17 June 2023 08:05
Mantan menteri luar negeri Hassan Wirajuda menilai pengakuan Perdana Menteri Belanda atas Kemerdekaan Republik Indonesia 17 Agustus 1945 kali ini merupakan langkah mundur dan tidak tulus. Lantaran Belanda menggunakan standar ganda dalam memaknai kemerdekaan Republik Indonesia dalam konteks pengakuan atas Proklamasi Kemerdekaan 17 Agustus.
"Kalau kita baca secara rinci dalam statement Perdana Menteri Rutte dan juru bicaranya itu tidak tulus. Pernyataan mengakui kemerdekaan disertai berbagai kualifikasi yang pada akhirnya menegasi pernyataan itu sendiri," kata Hassan di Primetime News Metro TV, Jumat 16 Juni 2023.
Hassan menyebut negara-negara penjajah dalam lima tahun belakang banyak menengok kembali sejarah. Ia menilai Belanda tidak seperti negara-negara penjajah lain di Eropa yang meminta maaf dan membayar gant rugi terhadap negara yang dijajah.
"Jerman terhadap Namibia berujung permintaan maaf dan ganti rugi. Inggris juga terhadap kejahatan kemanusiaan di Kenya pada 60-an juga berujung permintaan maaf. Demikian juga Belgia. Jadi, dibandingkan koleganya di negara-negara Barat yang juga sama-sama penjajah, Belanda ini telat," tuturnya.

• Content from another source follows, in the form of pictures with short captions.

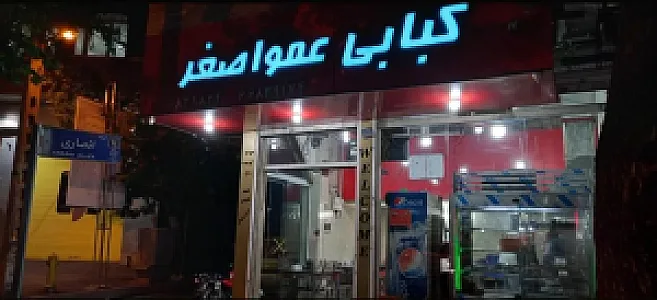 عمو اصغر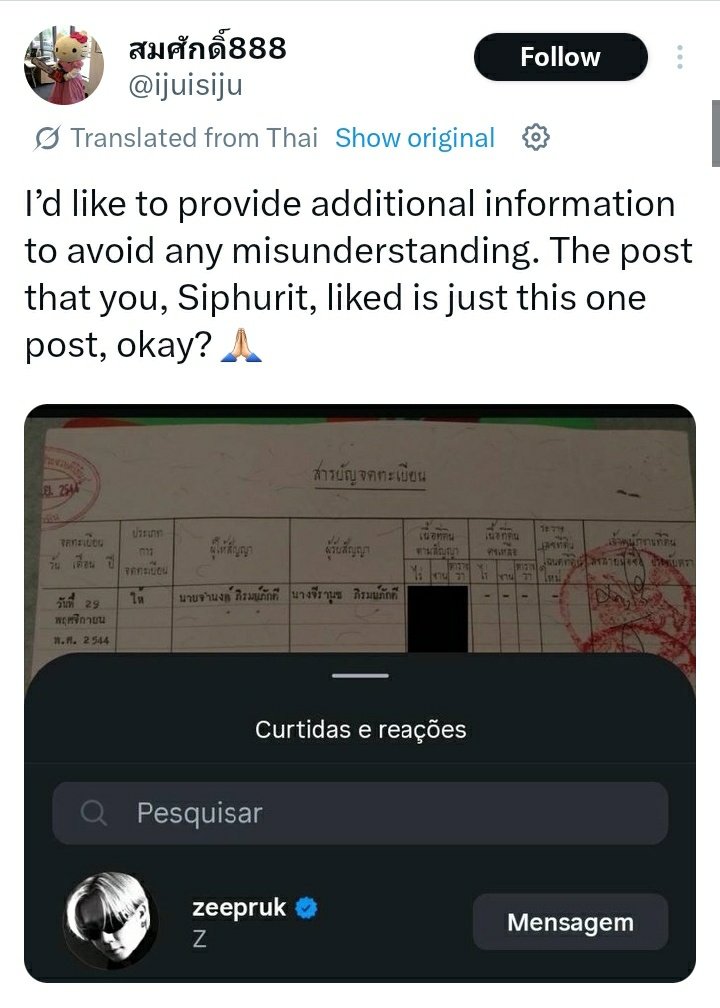 ۶ৎ𝒞𝒽𝒶𝓂 ۶ৎ tweet media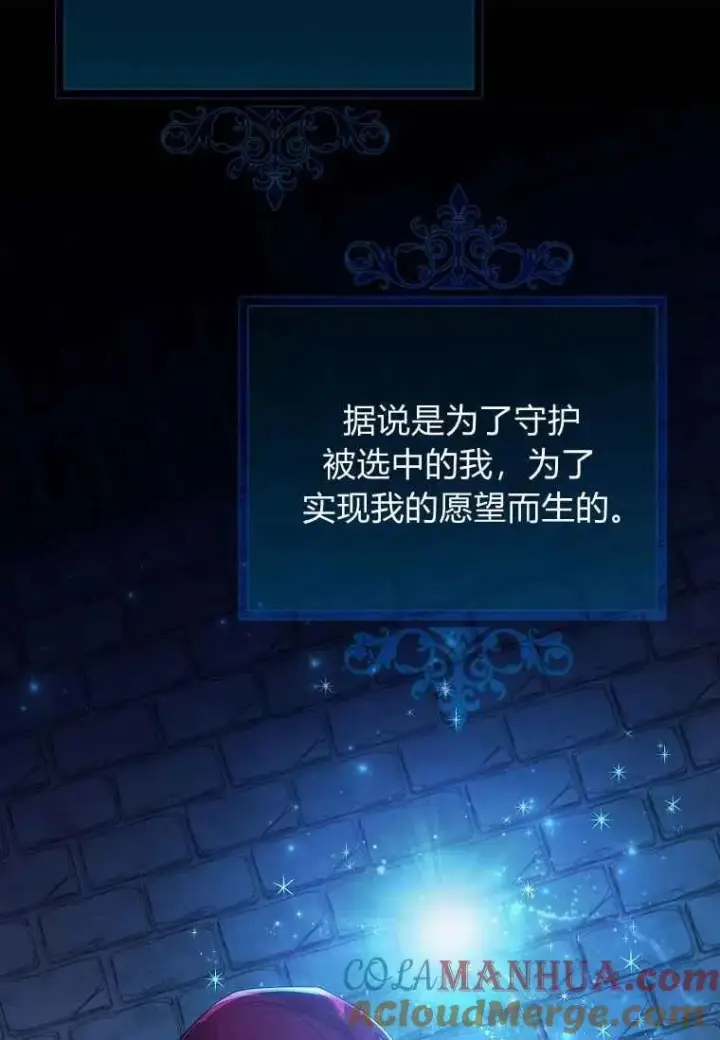 漫画《阁楼公主》第03话第70张图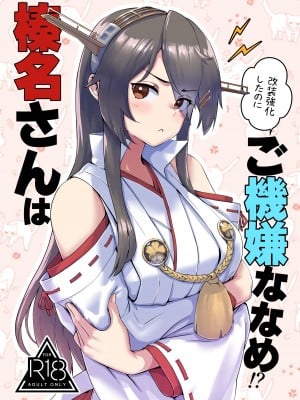 [はっするほふ (ASAVA)] 榛名さんは改装強化したのにご機嫌ななめ!？ (艦隊これくしょん -艦これ-)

Pengakuan Perdana Menteri Belanda, Mark Rutte, tentang kemerdekaan Indonesia pada 17 Agustus 1945 itu sebenarnya bukan hal baru. Sebab pada 16 Agustus 2005 atau sehari sebelum peringatan 60 tahun Proklamasi Kemerdekaan Indonesia, pengakuan serupa pernah disampaikan Menteri Luar Negeri Belanda, Bernard Rudolf Bot.
Dalam pidato di Gedung Departemen Luar Negeri di Jakarta, Ia mengatakan secara moral dan politik Belanda mengakui Indonesia merdeka pada 17 Agustus 1945. Bot juga menghadiri upacara kenegaraan peringatan hari ulang tahun ke-60 Kemerdekaan RI pada 17 Agustus 2005 di Istana Negara, Jakarta. Sekaligus menjadi pejabat Belanda pertama yang menghadiri peringatan kemerdekaan RI.